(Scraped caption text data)
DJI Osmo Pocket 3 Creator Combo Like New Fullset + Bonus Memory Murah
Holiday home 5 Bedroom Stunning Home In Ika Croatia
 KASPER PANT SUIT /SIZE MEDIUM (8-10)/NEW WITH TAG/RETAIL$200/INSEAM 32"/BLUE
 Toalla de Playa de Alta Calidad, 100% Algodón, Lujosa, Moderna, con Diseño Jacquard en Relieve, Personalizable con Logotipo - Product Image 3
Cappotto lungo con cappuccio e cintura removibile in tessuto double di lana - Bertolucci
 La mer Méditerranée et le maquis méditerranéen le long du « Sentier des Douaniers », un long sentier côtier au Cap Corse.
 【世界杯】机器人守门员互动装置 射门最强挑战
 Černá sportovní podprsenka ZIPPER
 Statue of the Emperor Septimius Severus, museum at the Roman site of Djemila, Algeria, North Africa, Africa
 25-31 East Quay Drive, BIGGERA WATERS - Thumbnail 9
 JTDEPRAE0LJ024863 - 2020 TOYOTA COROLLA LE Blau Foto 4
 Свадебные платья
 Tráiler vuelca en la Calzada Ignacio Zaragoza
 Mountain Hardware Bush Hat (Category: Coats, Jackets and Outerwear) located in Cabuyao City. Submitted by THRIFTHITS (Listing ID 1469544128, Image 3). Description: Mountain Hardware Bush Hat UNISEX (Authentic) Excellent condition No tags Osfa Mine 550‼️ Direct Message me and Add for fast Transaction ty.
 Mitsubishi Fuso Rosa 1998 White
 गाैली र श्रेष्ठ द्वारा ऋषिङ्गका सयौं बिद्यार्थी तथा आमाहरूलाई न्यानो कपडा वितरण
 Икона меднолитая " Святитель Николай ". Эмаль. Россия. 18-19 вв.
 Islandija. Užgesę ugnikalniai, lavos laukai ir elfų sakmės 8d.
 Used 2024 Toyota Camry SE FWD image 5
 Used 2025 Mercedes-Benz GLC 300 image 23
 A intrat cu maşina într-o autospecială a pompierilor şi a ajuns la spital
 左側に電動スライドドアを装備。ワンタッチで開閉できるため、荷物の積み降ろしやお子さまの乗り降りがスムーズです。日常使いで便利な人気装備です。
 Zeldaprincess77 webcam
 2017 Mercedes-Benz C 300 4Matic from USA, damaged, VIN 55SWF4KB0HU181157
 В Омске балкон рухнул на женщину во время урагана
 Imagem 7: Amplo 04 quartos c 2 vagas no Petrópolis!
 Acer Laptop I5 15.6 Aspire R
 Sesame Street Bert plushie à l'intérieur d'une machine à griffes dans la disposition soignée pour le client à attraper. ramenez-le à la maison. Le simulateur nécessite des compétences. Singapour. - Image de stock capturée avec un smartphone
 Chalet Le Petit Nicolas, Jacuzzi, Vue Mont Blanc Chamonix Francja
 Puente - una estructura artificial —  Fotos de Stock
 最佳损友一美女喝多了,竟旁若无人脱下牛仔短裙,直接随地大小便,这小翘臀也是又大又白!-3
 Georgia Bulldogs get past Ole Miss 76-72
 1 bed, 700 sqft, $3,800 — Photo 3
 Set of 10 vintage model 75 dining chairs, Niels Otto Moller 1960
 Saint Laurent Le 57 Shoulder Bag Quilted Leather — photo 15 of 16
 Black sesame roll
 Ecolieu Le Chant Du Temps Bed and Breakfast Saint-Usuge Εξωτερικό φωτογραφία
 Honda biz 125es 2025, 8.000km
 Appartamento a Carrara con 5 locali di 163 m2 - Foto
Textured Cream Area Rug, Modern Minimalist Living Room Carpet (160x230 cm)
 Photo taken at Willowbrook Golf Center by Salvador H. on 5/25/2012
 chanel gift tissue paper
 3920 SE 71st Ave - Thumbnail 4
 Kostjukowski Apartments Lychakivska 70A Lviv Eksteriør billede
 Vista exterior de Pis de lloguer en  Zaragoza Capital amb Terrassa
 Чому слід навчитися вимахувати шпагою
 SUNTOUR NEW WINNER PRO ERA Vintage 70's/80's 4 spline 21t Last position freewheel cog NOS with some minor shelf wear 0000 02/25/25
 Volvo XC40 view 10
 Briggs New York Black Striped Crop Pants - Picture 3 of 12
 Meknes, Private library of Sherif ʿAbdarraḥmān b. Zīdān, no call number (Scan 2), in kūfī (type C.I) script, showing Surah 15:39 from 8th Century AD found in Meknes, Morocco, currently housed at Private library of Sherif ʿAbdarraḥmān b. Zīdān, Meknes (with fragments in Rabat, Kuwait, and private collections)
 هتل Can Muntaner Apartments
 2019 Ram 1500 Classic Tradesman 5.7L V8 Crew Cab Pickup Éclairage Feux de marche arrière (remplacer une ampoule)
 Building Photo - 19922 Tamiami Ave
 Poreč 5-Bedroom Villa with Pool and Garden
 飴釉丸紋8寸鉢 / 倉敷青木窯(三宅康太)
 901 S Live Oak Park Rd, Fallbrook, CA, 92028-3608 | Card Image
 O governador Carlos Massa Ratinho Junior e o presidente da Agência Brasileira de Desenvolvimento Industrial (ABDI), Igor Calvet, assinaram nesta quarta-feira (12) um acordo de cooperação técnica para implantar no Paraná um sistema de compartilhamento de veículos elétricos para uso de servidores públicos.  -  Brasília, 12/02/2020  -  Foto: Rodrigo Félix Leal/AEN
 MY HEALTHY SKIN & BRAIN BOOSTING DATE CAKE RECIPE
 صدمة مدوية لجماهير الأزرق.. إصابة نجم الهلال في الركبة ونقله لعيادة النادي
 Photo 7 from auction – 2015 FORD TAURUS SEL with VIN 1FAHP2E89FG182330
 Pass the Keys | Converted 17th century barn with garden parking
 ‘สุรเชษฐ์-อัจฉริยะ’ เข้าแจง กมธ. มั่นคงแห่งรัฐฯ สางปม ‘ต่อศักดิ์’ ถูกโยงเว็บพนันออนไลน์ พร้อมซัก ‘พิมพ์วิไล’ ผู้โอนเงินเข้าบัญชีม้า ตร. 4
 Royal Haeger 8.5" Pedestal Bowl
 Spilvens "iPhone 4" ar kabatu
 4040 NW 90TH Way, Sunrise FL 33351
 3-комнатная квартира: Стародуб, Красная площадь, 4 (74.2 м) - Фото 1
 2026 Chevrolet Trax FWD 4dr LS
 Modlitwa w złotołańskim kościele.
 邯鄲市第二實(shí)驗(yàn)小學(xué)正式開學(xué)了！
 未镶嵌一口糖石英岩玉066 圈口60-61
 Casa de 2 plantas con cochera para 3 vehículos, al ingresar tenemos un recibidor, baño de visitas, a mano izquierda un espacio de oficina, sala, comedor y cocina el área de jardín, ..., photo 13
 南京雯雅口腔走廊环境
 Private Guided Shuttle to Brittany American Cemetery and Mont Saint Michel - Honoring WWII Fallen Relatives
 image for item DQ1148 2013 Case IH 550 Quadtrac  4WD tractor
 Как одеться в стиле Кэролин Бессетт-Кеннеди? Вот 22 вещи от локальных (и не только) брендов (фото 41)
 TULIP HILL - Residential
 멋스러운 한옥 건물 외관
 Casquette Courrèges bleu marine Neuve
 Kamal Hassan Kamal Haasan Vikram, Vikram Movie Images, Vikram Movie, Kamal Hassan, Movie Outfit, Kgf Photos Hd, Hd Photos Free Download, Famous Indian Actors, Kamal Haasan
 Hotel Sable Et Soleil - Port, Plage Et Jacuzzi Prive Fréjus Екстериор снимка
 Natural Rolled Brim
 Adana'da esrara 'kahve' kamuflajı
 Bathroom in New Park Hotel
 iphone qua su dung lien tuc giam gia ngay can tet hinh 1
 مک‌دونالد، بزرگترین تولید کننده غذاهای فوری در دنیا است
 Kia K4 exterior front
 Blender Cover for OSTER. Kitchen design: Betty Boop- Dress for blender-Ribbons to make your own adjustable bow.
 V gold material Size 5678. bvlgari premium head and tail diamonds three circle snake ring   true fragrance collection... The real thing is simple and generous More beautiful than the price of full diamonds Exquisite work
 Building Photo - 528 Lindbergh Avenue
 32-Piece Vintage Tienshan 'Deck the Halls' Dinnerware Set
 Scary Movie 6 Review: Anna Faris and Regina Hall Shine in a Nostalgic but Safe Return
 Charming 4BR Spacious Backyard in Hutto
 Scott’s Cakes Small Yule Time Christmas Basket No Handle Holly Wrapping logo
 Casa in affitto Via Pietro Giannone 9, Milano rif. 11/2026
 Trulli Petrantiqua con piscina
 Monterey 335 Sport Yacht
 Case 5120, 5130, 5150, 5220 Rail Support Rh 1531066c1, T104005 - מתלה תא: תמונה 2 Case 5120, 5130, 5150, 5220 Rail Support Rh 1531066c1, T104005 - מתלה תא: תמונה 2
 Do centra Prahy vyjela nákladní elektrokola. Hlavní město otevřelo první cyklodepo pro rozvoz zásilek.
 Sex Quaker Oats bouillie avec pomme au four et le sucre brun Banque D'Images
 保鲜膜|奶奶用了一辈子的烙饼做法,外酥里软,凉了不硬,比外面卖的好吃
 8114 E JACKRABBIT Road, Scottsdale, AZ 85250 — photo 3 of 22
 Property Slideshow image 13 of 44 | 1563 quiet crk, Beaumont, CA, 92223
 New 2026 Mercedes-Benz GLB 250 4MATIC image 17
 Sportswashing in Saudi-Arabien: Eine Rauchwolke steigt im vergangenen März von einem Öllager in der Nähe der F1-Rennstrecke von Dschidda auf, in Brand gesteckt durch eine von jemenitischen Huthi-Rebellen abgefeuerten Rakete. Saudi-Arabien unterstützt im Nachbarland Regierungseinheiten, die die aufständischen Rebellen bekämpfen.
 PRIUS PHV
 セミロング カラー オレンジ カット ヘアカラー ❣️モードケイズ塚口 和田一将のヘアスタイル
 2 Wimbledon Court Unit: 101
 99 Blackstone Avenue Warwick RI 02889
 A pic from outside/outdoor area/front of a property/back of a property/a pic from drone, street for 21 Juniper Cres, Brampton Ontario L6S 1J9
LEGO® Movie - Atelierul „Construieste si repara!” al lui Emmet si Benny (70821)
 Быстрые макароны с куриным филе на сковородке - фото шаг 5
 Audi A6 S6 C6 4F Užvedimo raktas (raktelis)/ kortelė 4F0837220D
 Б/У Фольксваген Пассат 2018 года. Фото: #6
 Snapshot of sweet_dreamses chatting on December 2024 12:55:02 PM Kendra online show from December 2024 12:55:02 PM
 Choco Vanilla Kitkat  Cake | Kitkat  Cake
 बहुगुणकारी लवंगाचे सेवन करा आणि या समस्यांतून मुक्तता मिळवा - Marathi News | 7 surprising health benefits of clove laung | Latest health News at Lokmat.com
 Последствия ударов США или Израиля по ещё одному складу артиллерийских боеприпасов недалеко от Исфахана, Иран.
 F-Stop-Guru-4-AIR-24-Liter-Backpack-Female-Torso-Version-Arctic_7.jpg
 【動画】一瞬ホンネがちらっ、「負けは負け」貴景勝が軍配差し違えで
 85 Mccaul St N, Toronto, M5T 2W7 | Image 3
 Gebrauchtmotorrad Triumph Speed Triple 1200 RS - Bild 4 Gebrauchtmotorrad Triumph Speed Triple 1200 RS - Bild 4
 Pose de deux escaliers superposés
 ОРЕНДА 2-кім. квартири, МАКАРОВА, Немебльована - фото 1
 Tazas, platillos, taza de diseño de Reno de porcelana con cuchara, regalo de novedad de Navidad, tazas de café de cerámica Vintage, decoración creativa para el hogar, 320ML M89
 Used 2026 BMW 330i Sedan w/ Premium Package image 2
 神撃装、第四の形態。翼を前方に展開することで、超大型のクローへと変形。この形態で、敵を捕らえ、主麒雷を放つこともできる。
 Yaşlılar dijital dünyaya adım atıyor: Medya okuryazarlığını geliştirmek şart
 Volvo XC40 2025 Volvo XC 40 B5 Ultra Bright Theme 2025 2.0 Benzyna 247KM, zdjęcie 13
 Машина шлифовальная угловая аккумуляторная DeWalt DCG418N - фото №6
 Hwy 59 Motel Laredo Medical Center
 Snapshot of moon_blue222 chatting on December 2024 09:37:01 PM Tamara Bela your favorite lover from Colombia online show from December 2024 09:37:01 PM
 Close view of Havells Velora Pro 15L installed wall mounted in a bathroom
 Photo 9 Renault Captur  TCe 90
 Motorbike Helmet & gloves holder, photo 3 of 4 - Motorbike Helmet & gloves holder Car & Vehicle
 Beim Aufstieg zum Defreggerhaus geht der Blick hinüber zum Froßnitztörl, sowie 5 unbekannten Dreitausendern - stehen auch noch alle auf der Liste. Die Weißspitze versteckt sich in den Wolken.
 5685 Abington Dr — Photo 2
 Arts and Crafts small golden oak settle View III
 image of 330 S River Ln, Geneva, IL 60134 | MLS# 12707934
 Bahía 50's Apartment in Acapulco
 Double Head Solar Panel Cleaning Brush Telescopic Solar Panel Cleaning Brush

— EXERCISE AIM —
Please write out, exactly as they appear above, only the lines in the stretch from the line with "New 2026 Mercedes-Benz" through the line with "Volvo XC40 2025".

— SOLUTION FOR THIS PROBLEM —
 New 2026 Mercedes-Benz GLB 250 4MATIC image 17
 Sportswashing in Saudi-Arabien: Eine Rauchwolke steigt im vergangenen März von einem Öllager in der Nähe der F1-Rennstrecke von Dschidda auf, in Brand gesteckt durch eine von jemenitischen Huthi-Rebellen abgefeuerten Rakete. Saudi-Arabien unterstützt im Nachbarland Regierungseinheiten, die die aufständischen Rebellen bekämpfen.
 PRIUS PHV
 セミロング カラー オレンジ カット ヘアカラー ❣️モードケイズ塚口 和田一将のヘアスタイル
 2 Wimbledon Court Unit: 101
 99 Blackstone Avenue Warwick RI 02889
 A pic from outside/outdoor area/front of a property/back of a property/a pic from drone, street for 21 Juniper Cres, Brampton Ontario L6S 1J9
LEGO® Movie - Atelierul „Construieste si repara!” al lui Emmet si Benny (70821)
 Быстрые макароны с куриным филе на сковородке - фото шаг 5
 Audi A6 S6 C6 4F Užvedimo raktas (raktelis)/ kortelė 4F0837220D
 Б/У Фольксваген Пассат 2018 года. Фото: #6
 Snapshot of sweet_dreamses chatting on December 2024 12:55:02 PM Kendra online show from December 2024 12:55:02 PM
 Choco Vanilla Kitkat  Cake | Kitkat  Cake
 बहुगुणकारी लवंगाचे सेवन करा आणि या समस्यांतून मुक्तता मिळवा - Marathi News | 7 surprising health benefits of clove laung | Latest health News at Lokmat.com
 Последствия ударов США или Израиля по ещё одному складу артиллерийских боеприпасов недалеко от Исфахана, Иран.
 F-Stop-Guru-4-AIR-24-Liter-Backpack-Female-Torso-Version-Arctic_7.jpg
 【動画】一瞬ホンネがちらっ、「負けは負け」貴景勝が軍配差し違えで
 85 Mccaul St N, Toronto, M5T 2W7 | Image 3
 Gebrauchtmotorrad Triumph Speed Triple 1200 RS - Bild 4 Gebrauchtmotorrad Triumph Speed Triple 1200 RS - Bild 4
 Pose de deux escaliers superposés
 ОРЕНДА 2-кім. квартири, МАКАРОВА, Немебльована - фото 1
 Tazas, platillos, taza de diseño de Reno de porcelana con cuchara, regalo de novedad de Navidad, tazas de café de cerámica Vintage, decoración creativa para el hogar, 320ML M89
 Used 2026 BMW 330i Sedan w/ Premium Package image 2
 神撃装、第四の形態。翼を前方に展開することで、超大型のクローへと変形。この形態で、敵を捕らえ、主麒雷を放つこともできる。
 Yaşlılar dijital dünyaya adım atıyor: Medya okuryazarlığını geliştirmek şart
 Volvo XC40 2025 Volvo XC 40 B5 Ultra Bright Theme 2025 2.0 Benzyna 247KM, zdjęcie 13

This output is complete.